Figure 1: A digital photograph of three different concentrated dye solutions sandwiched between a glass slide and a coverslip. From top to bottom: Na-FITC (0.5 g/mL), Rose Bengal (0.3 g/mL), Acid Blue 9 (0.35 g/mL).

Written below is a simple protocol detailing a method to create a fluorescent test sample that can be used to measure the illumination uniformity of your confocal microscope (laser scanning or spinning disk). This protocol is an extension of a procedure originally developed by Michael M. Model at Kent State University involving the formation of concentrated fluorescent dye solutions [1, 2]. As a result of their large optical density, these dye solutions possess the unique property that, if sandwiched between a glass slide and a coverslip, they will only emit fluorescence from an extremely thin, planar region (diffraction-limited in the axial z-direction) immediately adjacent to the coverslip when illuminated with an appropriate excitation wavelength.

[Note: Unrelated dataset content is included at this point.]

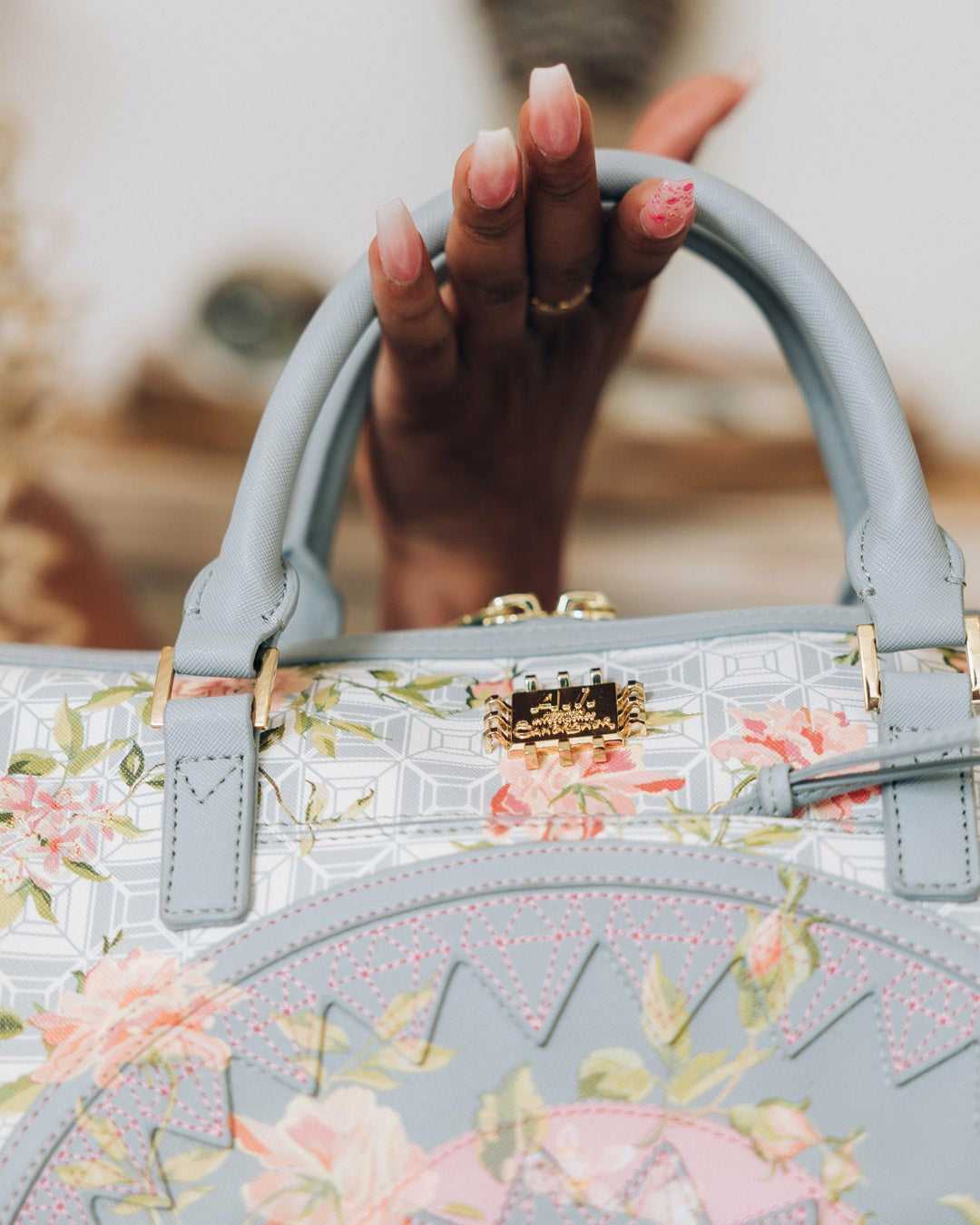 A.I. AFRICAN INTELLIGENCE ELEGANT ENERGY MINI DUFFLE - SANDFLOWER COLL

Therefore, when viewed with a confocal microscope, any non-uniformities in the fluorescence image of the concentrated solution reflect the degree of non-uniformity of the illumination profile for a given set of aligned optical components in the confocal microscope (laser, filters, objective, image forming optics, pinhole(s) and detector). Different dyes can be selected for different excitation/emission wavelength combinations. These concentrated dye solutions are preferred over traditional fluorescent plastic slides for this type of measurement because the plastic slides accentuate the pinhole cross-talk effect due to their intense brightness and thier thickness that extends well beyond the focal volume.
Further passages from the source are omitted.